ABOUT ME

-

Today
-
Yesterday
-
Total
-
  • Memcached vs. Redis
    DB/InMemory 2019. 9. 29. 13:54

    1. Overview

    Both tools are powerful, fast, in-memory data stores that are useful as a cache. Both can help speed up your application by caching database results, HTML fragments, or anything else that might be expensive to generate. But Redis is more powerful, more popular, and better supported than Memcached. Memcached can only do a small fraction of the things Redis can do. Redis is better even where their features overlap.

    2. Description

    2.1 Memcached

    Memcached is a simple volatile cache server. It allows you to store key/value pairs where the value is limited to being a string up to 1MB. It's good at this, but that's all it does. You can access those values by their key at extremely high speed, often saturating available network or even memory bandwidth. When you restart Memcached your data is gone. This is fine for a cache. You shouldn't store anything important there. If you need high performance or high availability there are 3rd party tools, products, and services available.

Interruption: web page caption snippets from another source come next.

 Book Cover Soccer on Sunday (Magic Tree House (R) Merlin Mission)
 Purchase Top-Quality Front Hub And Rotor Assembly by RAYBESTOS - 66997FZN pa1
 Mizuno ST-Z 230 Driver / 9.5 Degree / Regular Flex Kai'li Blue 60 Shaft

    2.2 Comparison Features of two in-memory data stores

    Feature Memcached Redis
    Sub-millisecond latency(Speed) YES YES
    Developer ease of use YES YES
    Data partitioning YES YES
    Support for a broad set of programming languages YES YES
    Advanced data structures - YES
    Multithreaded architecture YES -
    Snapshots - YES
    Replication - YES
    Transactions - YES
    Pub/Sub - YES
    Lua scripting - YES
    Geospatial support - YES
    Memory usage   Redis better
    DIsk I/O dumping   Redis better
    Scaling   Redis better

    3. Memory Management Scheme

    3.1 Redis

    3.1.1 Not all data storage occurs in memory.

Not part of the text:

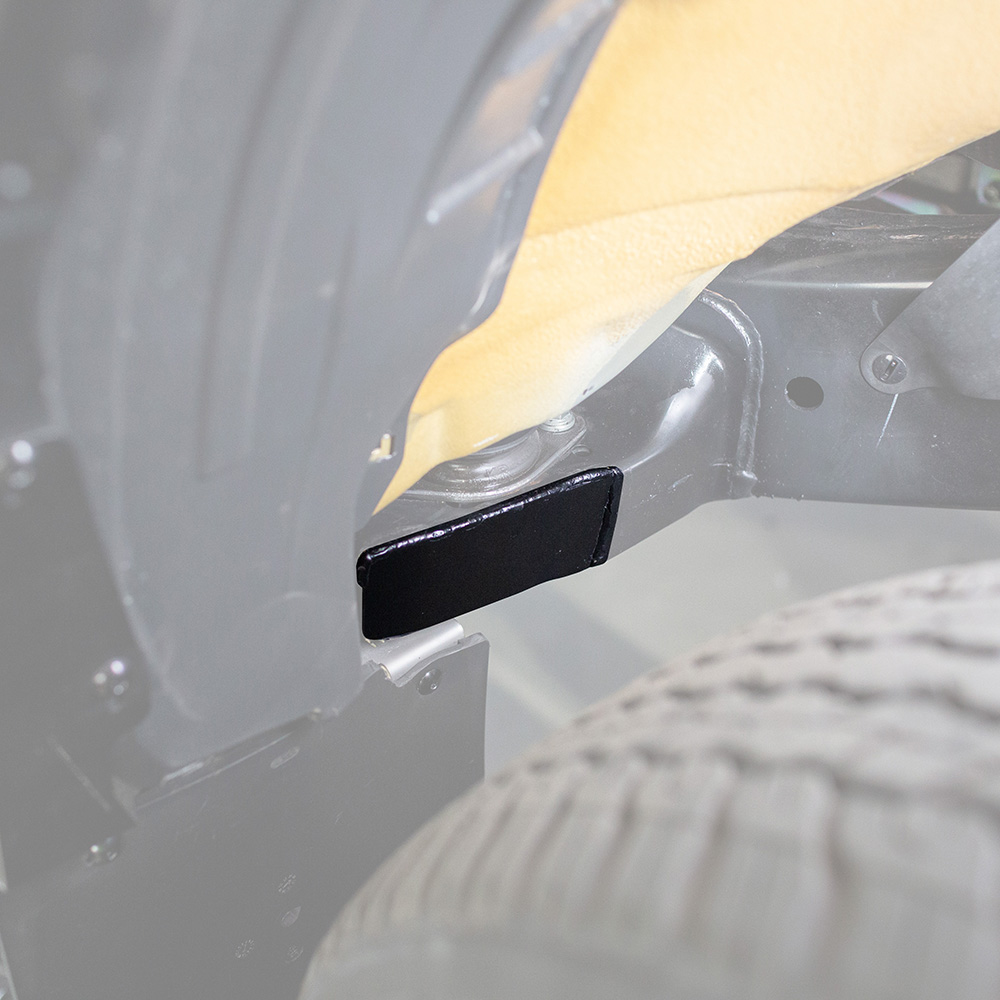 Superior Body Mount Chop Filler Plates Suitable for Toyota Hilux 08/2025 On AN2 (N90) - BMFP-A-HLX16-A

    When the physical memory is full, Redis may swap values not used for a long time to the disk. Redis only caches all the key information. If it discovers that the memory usage exceeds the threshold value, it will trigger the swap operation. Redis calculates the values for the keys to be swapped to the disk-based on

    swappability = age*log(size_in_memory)

    It then makes these values for the keys persistent into the disk and erases them from memory. This feature enables Redis to maintain data of a size bigger than its machine memory capacity. The machine memory must keep all the keys and it will not swap all the data.

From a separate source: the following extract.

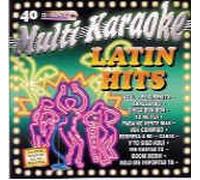 Karaoke Music CDG: MultiKaraoke OKE-0040 LATIN HITS CDG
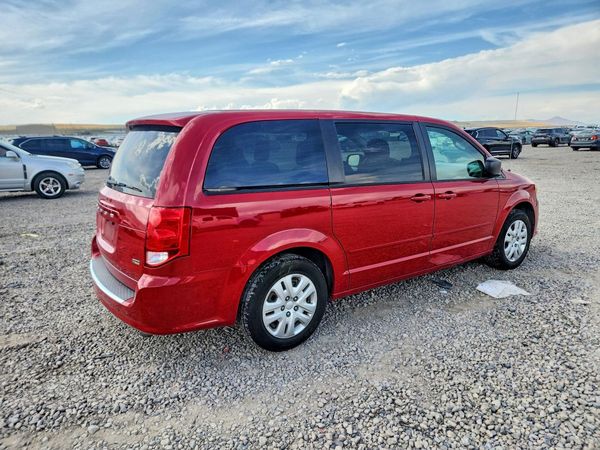 2016 DODGE GRAND CARAVAN SE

    At the same time, when Redis swaps the in-memory data to the disk, the main thread that provides services, and the child thread for the swap operation will share this part of memory. So, if you update the data you intend to swap, Redis will block this operation, preventing the execution of such a change until the child thread completes the swap operation. When you read data from Redis, if the value of the read key is not in the memory, Redis needs to load the corresponding data from the swap file and then return it to the requester. Here, there is a problem with the I/O thread pool. By default, Redis will encounter congestion, that is, it will respond only after successful loading of all the swap files. This policy is suitable for batch operations when there are a small number of clients. But if you apply Redis in a large website program, it is not capable of meeting the high concurrency demands. However, you can set the I/O thread pool size for Redis running, and perform concurrent operations for reading requests for loading the corresponding data in the swap file to shorten the congestion time.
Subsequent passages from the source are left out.